Quantitative performance assessment for the enhancement methods. a NIQMC. b BIQME

4.3 Comparative analysis with existing methods

There are few existing works which can control the headlight beam. But, most of them are used to reduce the headlight intensity of their own vehicles. Only a few methods are able to dim headlight beam of the other (oncoming) vehicle and unable to produce a prominent view of the road at night. However, a method wise comparison among the existing attempts is exposed in Table 4.

Table 4 Method wise comparison between the existing approaches

4.4 Limitation and discussion

The proposed system provides prominent output for maximum real-time frames at night.
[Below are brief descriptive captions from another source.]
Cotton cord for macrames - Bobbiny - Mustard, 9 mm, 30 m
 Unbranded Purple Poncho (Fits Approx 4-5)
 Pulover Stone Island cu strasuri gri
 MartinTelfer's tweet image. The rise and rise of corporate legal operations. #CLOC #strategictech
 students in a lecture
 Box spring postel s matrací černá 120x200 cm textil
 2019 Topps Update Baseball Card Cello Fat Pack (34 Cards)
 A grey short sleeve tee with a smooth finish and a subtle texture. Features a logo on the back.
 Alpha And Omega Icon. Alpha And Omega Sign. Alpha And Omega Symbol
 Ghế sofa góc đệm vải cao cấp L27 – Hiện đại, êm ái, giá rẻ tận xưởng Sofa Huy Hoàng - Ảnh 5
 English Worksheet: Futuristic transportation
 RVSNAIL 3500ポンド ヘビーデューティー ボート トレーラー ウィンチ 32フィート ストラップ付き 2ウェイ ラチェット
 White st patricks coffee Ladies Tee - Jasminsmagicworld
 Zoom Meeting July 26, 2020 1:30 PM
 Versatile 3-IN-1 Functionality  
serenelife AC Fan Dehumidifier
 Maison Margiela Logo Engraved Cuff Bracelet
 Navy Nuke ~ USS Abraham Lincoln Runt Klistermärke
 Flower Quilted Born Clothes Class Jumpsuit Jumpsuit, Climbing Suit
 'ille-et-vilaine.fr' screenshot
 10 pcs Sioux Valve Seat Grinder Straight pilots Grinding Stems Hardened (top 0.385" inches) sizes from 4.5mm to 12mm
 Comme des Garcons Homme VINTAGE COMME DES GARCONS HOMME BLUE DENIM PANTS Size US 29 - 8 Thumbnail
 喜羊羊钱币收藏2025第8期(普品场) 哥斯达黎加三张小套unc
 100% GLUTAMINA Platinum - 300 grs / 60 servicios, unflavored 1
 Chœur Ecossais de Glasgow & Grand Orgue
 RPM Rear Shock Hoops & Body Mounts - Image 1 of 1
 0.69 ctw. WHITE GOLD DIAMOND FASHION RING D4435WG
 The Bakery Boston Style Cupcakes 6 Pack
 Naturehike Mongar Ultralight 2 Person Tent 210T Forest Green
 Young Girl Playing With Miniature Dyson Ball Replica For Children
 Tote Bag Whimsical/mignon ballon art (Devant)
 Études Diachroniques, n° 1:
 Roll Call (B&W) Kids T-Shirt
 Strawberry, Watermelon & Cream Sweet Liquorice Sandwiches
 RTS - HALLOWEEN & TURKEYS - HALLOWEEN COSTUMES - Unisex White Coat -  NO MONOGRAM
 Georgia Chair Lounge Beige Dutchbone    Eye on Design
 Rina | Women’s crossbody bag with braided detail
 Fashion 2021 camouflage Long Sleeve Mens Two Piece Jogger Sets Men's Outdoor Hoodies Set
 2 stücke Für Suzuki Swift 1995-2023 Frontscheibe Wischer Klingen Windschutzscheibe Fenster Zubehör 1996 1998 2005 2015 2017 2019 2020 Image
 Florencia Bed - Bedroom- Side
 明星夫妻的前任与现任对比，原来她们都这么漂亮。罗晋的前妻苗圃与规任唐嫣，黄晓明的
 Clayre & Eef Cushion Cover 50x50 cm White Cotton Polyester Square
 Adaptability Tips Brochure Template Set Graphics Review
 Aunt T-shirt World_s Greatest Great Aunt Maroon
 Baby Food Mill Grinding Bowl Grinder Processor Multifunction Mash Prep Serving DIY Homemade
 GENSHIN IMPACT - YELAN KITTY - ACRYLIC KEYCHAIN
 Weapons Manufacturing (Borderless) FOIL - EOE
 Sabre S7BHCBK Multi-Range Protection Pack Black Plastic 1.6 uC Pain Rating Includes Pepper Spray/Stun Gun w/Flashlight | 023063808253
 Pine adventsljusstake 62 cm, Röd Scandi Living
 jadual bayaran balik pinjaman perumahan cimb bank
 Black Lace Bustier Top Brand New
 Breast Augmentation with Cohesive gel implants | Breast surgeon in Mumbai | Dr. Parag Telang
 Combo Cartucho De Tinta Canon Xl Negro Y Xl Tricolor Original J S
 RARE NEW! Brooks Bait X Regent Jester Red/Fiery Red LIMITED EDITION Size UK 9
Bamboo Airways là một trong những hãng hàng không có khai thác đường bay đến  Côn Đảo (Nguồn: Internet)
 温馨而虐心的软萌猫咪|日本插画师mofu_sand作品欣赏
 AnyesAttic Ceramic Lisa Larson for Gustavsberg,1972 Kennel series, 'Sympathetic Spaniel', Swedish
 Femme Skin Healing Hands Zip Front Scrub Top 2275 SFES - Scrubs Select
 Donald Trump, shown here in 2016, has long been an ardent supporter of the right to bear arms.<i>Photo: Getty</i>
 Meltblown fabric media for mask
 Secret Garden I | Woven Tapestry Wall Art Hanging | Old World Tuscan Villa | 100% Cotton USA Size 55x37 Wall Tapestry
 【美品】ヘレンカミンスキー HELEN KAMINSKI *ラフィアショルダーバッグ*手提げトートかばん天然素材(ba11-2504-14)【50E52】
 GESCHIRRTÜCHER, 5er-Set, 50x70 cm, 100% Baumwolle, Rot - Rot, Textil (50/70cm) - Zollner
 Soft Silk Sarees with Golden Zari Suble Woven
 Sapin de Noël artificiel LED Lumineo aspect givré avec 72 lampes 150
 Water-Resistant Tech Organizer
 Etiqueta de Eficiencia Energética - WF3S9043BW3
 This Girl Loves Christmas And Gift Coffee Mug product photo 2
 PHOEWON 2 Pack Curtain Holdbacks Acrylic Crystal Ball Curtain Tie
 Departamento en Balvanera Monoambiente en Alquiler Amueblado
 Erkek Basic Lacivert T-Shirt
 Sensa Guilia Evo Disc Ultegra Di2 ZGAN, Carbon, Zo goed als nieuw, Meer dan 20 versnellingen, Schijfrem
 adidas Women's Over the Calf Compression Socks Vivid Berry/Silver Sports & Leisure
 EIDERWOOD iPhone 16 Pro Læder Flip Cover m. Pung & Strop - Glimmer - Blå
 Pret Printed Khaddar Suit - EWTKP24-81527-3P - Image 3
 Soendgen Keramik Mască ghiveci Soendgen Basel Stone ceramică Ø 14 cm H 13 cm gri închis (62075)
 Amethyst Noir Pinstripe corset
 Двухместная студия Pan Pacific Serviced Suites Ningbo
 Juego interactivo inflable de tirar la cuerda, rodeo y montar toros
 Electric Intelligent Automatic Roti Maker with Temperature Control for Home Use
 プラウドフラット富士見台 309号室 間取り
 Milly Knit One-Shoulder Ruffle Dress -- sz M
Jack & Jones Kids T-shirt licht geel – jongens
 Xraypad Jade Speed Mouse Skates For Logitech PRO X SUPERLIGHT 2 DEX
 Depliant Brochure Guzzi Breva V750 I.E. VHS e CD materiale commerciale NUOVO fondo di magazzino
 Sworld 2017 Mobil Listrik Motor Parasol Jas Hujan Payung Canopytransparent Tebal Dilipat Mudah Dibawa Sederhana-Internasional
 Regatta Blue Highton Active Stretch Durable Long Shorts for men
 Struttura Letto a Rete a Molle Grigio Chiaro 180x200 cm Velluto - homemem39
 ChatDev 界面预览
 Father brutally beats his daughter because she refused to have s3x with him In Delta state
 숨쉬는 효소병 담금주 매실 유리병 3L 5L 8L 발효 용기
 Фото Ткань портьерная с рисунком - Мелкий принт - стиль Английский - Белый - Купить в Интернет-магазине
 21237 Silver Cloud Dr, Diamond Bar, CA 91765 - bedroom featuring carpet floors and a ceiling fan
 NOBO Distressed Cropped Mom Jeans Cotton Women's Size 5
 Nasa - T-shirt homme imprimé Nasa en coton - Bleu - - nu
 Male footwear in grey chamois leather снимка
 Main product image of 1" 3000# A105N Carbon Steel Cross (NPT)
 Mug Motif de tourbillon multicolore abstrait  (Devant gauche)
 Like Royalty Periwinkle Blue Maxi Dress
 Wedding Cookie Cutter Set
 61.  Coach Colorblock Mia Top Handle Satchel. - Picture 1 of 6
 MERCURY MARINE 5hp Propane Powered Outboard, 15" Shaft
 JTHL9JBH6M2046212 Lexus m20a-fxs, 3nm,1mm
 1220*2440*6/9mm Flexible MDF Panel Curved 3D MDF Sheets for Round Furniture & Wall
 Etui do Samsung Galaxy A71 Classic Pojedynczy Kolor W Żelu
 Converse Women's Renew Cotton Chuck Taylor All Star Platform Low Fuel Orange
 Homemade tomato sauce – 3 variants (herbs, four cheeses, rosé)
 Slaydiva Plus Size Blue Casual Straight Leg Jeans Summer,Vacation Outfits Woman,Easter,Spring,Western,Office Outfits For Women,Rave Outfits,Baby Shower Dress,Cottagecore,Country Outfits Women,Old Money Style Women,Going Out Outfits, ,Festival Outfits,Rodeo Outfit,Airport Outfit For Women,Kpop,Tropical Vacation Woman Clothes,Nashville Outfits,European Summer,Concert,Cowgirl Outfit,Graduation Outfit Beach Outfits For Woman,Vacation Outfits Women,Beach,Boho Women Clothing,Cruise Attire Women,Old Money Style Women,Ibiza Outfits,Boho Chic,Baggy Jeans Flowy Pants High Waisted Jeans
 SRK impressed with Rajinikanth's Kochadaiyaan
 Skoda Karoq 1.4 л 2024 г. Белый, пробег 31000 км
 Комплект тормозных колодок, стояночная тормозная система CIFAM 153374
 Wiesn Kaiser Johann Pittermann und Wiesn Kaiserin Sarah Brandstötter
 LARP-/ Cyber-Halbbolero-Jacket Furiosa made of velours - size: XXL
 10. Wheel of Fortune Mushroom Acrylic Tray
Yet, it has a few limits. The system yield noisy output in a few rare cases as follows:

  • If the headlight fluctuates unexpectedly within the same state, but atmospheric light is estimated previously.

  • If regions are not segmented perfectly.

  • If the glare of the headlights of oncoming vehicle spread in the entire frame and the road (region 3) is not visible.

Yet, these problems are temporary and happen rarely.

5 Conclusion and future works

The proposed real-time automotive night-vision system provides an enhanced view of the road by suppressing the high-beam headlight glare of oncoming vehicles. The driver won’t feel temporary blindness due to high-intensity headlight glare. The problem of enhancing the road view while dimming the headlights, which cannot be handled properly using night-vision spectacle glass or color coating windshield glass or any traditional night-vision systems, is smartly solved in the proposed system. It can dim headlight and can enhance the road view at the same time. Through this system, a driver can have a comfortable real-time vision in all conditions (i.e., presence or absence of high-intensity headlights of oncoming vehicles) during the night. The computation time, which is one of the most important criteria for driving has also been given due importance. Tests are conducted in different road conditions during the night and achieved an outstanding result with minimum processing time. This system can be installed in any vehicle which generally plies at night. The driver, as well as passengers, can be out of risk using this system. Pedestrians also can walk on the road safely if everybody uses the proposed system. The system can be used both in manual-driving vehicles and in autonomous vehicles. Road accidents throughout the night-time will also decrease.

In the future, the proposed work will be extended using smaller patch size in the darker region to handle rapid fluctuation of headlights. Multiple cameras may be used for better quality video acquisition and fast enhancement of regions through image fusion. Segmentation of regions from the frames can be done more accurately by employing noise-robust schemes. Quantitative and qualitative performance will be enhanced by grouping headlight beam according to intensity such as: very high, high, medium, low, etc.